«La verità è che la vera musica non è mai difficile». Così Claude Debussy, compositore al centro di D’istante, l’edizione 2021 di Forlì Open Music organizzata da Area Sismica all’Auditorium San Domenico. Otto brevi concerti in due giorni per indagare ancora una volta il rumore che fa il presente, cercando semi del futuro pure nel passato, nella convinzione che il lavoro sulla musica, oltre che culturale, sia un gesto politico. Negli infiniti oceani del suono infatti, citando Elio Martusciello, è possibile sperimentare «non più il reale dettato dall’occhio, ma il possibile suggerito dall’orecchio». Apre il duo di Francesco Dillon (violoncello) ed Emanuele Torquati (pianoforte), proprio con una Sonata di Debussy del 1915, un acrobata in bilico su una corda di melodia, tra languore e lontananza: un Oriente immaginifico e sensuale, in cui perdersi, respirando lo struggimento del viaggio, della fine.

NEL REPERTORIO del flautista Manuel Zurria svetta Burning is the new thing del compositore australiano Anthony Pateras, per ottavino ed elettronica, magnetica e perturbante, come appunti a margine di un’apocalisse alla moviola. Dopo due set a spartito è il momento dell’improvvisazione: prima il pianista Fabrizio Ottaviucci, che esplora la faccia nascosta della luna, avanzando nel buio del Novecento con un sapiente uso delle dinamiche, tra cluster minacciosi e delicati carillon alla Ligeti, febbri, fibrillazioni, rarefazioni. Magistrale il live elettronico di Martusciello, introdotto da un video esplicativo di cosa sia la musica acusmatica: un luogo dove l’orecchio ci mostra ombre e veniamo riportati alla condizione originaria dell’ascolto, atto a pre-vedere l’arrivo dei predatori. Mentre ci perdiamo in questi nitidi labirinti filosofici l’immagine dell’autore via via svanisce ed annotiamo un’altra frase:«La luce del suono moltiplica il mondo, è uno specchio». Il concerto è la traduzione di queste idee, una wunderkammer elettroacustica, un’esperienza di cinema per l’orecchio dove veniamo introdotti in una zona di tarkovskiana memoria. Un corpo a corpo con la materia sonora viva e cruda, dal dettaglio in miniatura all’abstract techno fino al noise più affilato, con una cura che dimostra come anche l’elettronica sappia essere umana, troppo umana: questo è il folk dell’Antropocene, metamorfico ed imprendibile.
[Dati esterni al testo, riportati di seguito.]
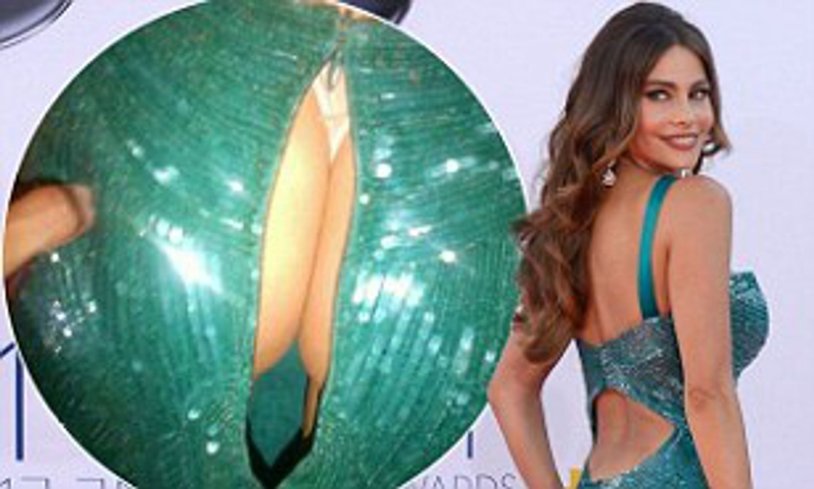 Vergara Sofia Pornovideo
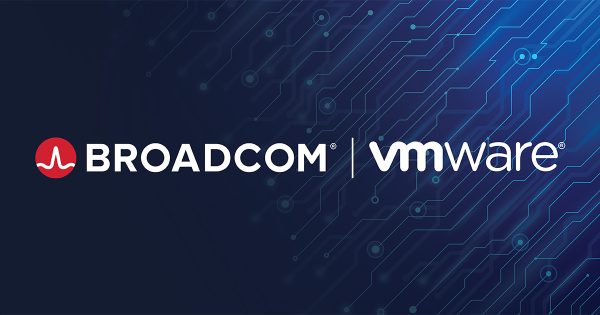 Broadcom VMware Satın Alımını Tamamladı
LA SECONDA SERATA inizia con la veglia rarefatta e primitiva di Melody, un pezzo per campanacci ed elettronica scritto dall’americano Micheal Pisaro-Liu, discepolo della lezione di John Cage, per il percussionista Enrico Malatesta: un pulsare lento che quasi si confonde con quello delle cicale, un carillon sepolto nella polvere dei secoli o un giardino elettroacustico zen. Haiku ritmici sparsi e intatti dove l’unico evento è l’attesa dell’evento: il fascino del disadorno. Si toccano di nuove vette con il pianoforte di Ciro Longobardi alle prese con i tesori oscuri di Luigi Nono: …Sofferte Onde Serene… del 1976, per pianoforte e nastro magnetico, non smette di fungere da sirena con i suoi fondali di cluster, distanze e dissonanze.
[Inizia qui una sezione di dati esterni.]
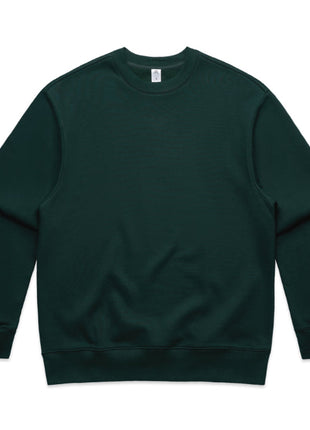Mens Heavy Crew Jumper (AS-5145)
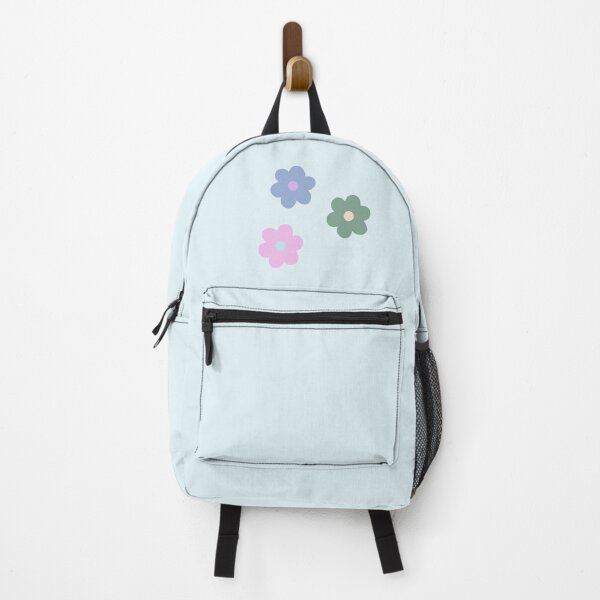 Item preview, retro flowers designed and sold by jordanmaking.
Il Sidera Sax Quartet suona Plaza di Stefano Scodanibbio in platea, un musicista per ogni vertice del rettangolo: continuiamo a frequentare il cielo. Chiude in gloria l’improvvisazione al piano di Alexander Hawkins, il cui ultimo disco, Togetherness, per grande ensemble, è stato raccontato da Mario Gamba su queste pagine. Dopo i fuochi d’artificio di Novara Jazz, l’oxfordiano si conferma in stato di grazia, caleidoscopico e torrenziale, astratto e swing. Abbiamo di nuovo respirato l’ossigeno delle musica creativa, ne avevamo bisogno.